Nixon’s “plumbers unit,” employing former CIA operatives, spied on individuals who caused Nixon difficulty – the likes of Daniel Ellsberg who exposed the Pentagon Papers history of the Vietnam War – and on the Democrats.

The plumbers were searching for intelligence about the Democrats when they were caught bugging the phones of the Democratic National Committee at the Watergate complex in Washington in June 1972.

Even earlier, other Nixon operatives had worked to sabotage the campaigns of Democratic candidates that Nixon considered formidable threats to his reelection, which Nixon won in a landslide in November 1972.

Ultimately, the Watergate scandal was exposed and Nixon was forced to resign in 1974. But the Republicans never changed their tactics.

The Iranian Hostages

In 1980, the Reagan-Bush campaign saw the lingering hostage crisis in Iran as a powerful vulnerability for President Carter.

Again, the evidence is now overwhelming that the Republicans contacted senior Iranians behind Carter's back to assure that Carter failed to secure the release of 52 American hostages before the election.

Over the past two decades, more than a score of witnesses – including senior Iranian officials, top French intelligence officers, Israeli intelligence operatives and even Palestine leader Yasir Arafat – have confirmed the existence of a Republican initiative to interfere with Carter’s efforts to free the hostages.

In 1996, during a meeting in Gaza, Arafat personally told former President Carter that senior Republican emissaries approached the Palestine Liberation Organization in 1980 with a request that Arafat help broker a delay in the hostage release.

“You should know that in 1980 the Republicans approached me with an arms deal if I could arrange to keep the hostages in Iran until after the elections,” Arafat told Carter. [For details, see Diplomatic History, Fall 1996]

Arafat’s spokesman Bassam Abu Sharif has said the GOP gambit pursued other channels, too. In an interview with me in Tunis in 1990, Bassam indicated that Arafat learned upon reaching Iran in 1980 that the Republicans and the Iranians had made other arrangements for a delay in the hostage release.

“The offer [to Arafat] was, ‘if you block the release of hostages, then the White House would be open for the PLO’,” Bassam said. “I guess the same offer was given to others, and I believe that some accepted to do it and managed to block the release of hostages.”

In a little-noticed letter to the U.S. Congress, dated Dec. 17, 1992, former Iranian President Abolhassan Bani-Sadr said he first learned of the Republican hostage initiative in July 1980 when a nephew of Ayatollah Ruhollah Khomeini returned from a meeting with an Iranian banker, Cyrus Hashemi, who had close ties to Reagan’s campaign chief William Casey and to Casey’s business associate, John Shaheen.

Bani-Sadr said the message from the Khomeini emissary was clear: the Republicans were in league with the CIA in an effort to undermine Carter and were demanding Iran’s help.

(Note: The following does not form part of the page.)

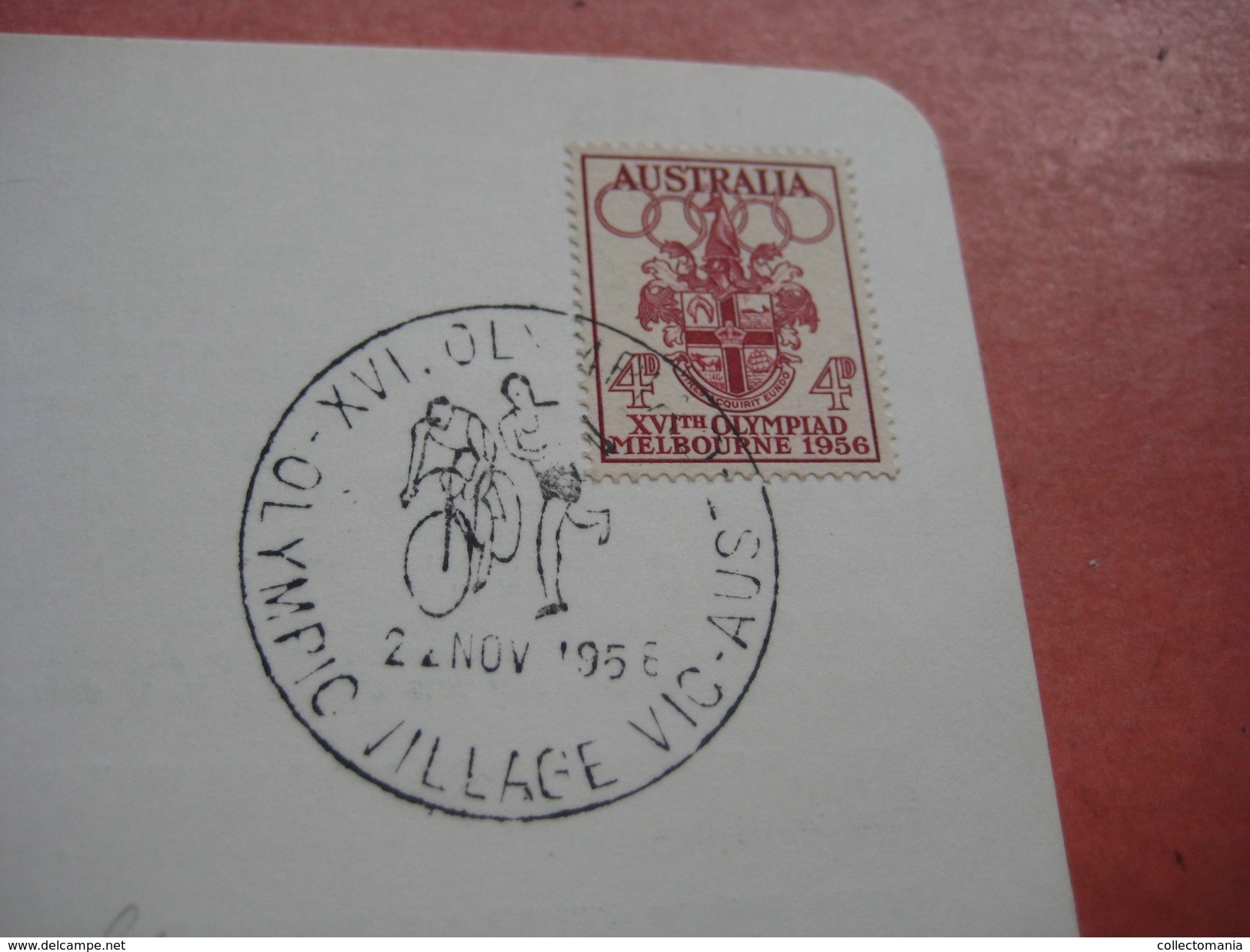 18 first day covers olympic games collection envelopes & cards jeux olympique - PREMIERE jour 1956 1960 different cachet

Bani-Sadr said the emissary “told me that if I do not accept this proposal they [the Republicans] would make the same offer to my rivals.” The emissary added that the Republicans “have enormous influence in the CIA,” Bani-Sadr wrote. “Lastly, he told me my refusal of their offer would result in my elimination.”

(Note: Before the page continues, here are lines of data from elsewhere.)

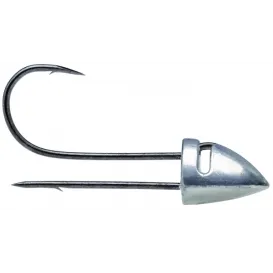 Illex Straight Jig Head Natural – Tête Plombée pour Leurres Souples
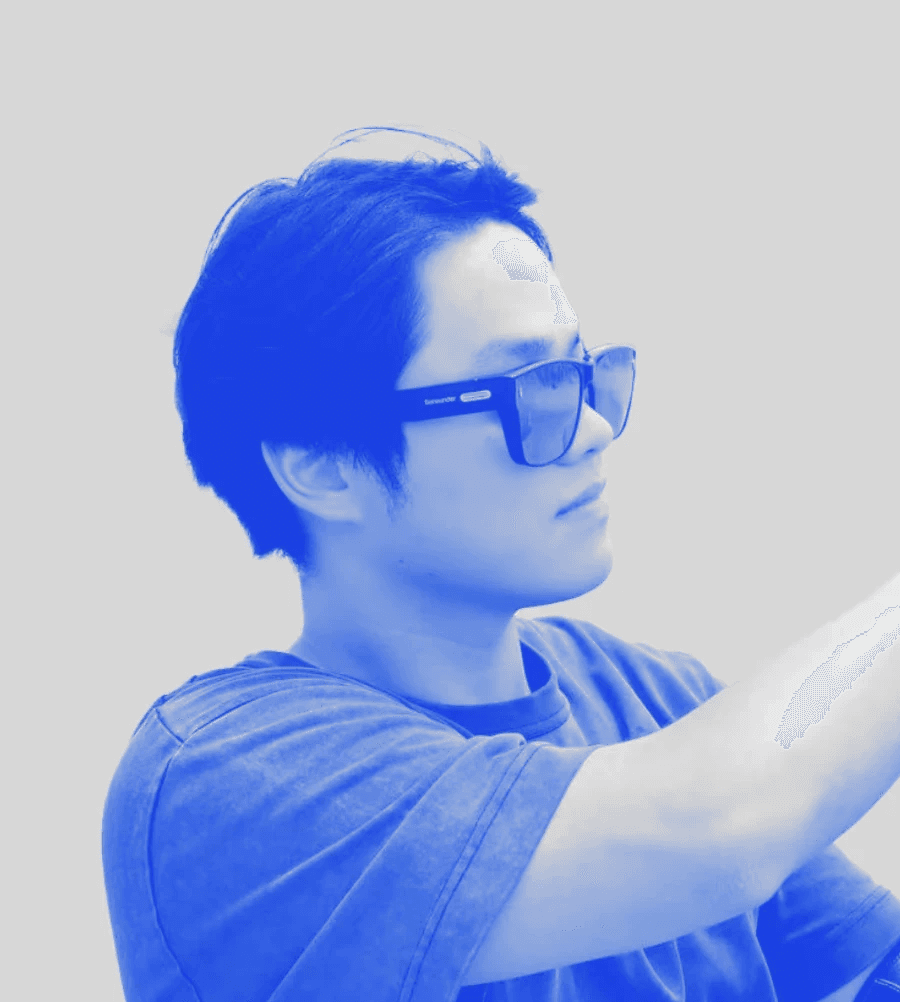 Portrait  of a young man with beard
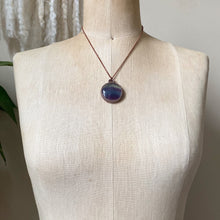 Load image into Gallery viewer, Fluorite Moon Necklace #2 - Ready to Ship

Bani-Sadr said he resisted the GOP scheme, but the plan was accepted by the hard-line Khomeini faction.

[For more details about the evidence of a Republican-Iranian deal in 1980, see The October Surprise X-Files series in the archives at this Web site or Robert Parry's book, Trick or Treason, available at Amazon.com]

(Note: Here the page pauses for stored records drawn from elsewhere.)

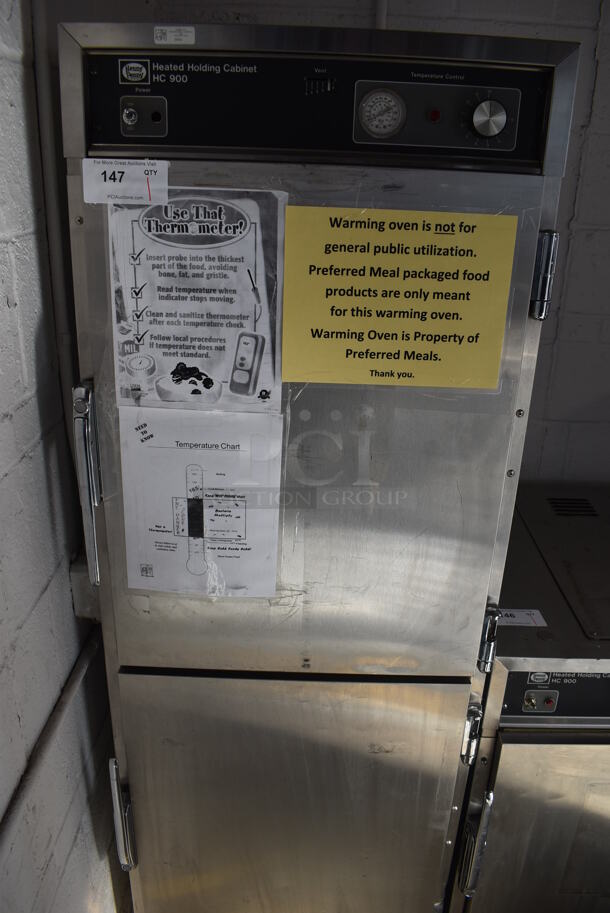 Henny Penny HC 900 Stainless Steel Commercial Heated Holding Cabinet on Commercial Casters. 208-220 Volts. 24x31x71 - Image 8 of 8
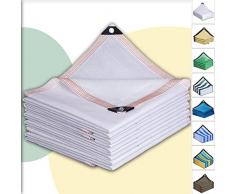 Rete ombreggiante per esterni 1x1m Vela solare con effetto ombreggiante al 90% Rete ombreggiante UV Traspirante Raffreddamento Reti da giardino per balconi Rete frangivento Stabile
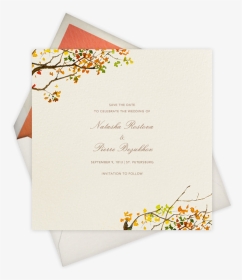 Autumn Boughs Save The Date - Wedding Envelope Png, Transparent Png, Transparent PNG
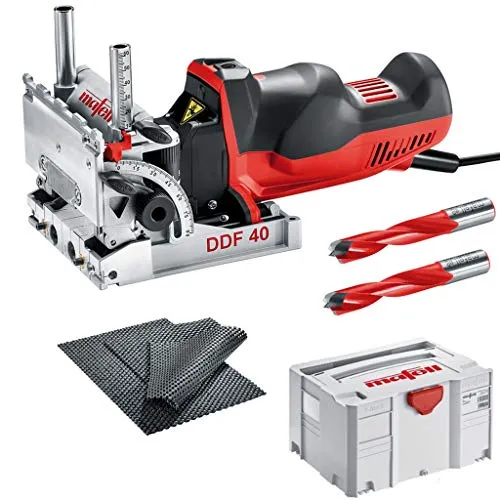 Mafell Duo-Dübler DDF 40 MidiMAX im T-MAX - Bohrmaschine mit ergonomischem Design für leichtes Handling und präzise Bohrungen ohne Ausmessen. Patentiertes Anschlagsystem für wiederholbare Ergebnisse.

Though some Carter advisers held suspicions about Republican hostage shenanigans at the time, the Democrats again kept silent. Only after the Iran-contra scandal broke in 1986 and witnesses began surfacing was the 1980 story fleshed out enough to compel Congress to take a closer look.

Again, though, the Democrats feared that the evidence could endanger the fragile relationships in Washington that enable governing to go forward. Once more, they chose to ignore the machinations of the Republicans and, in some cases, literally hid the evidence. [See History on the Ballot or the October Surprise X-Files series.]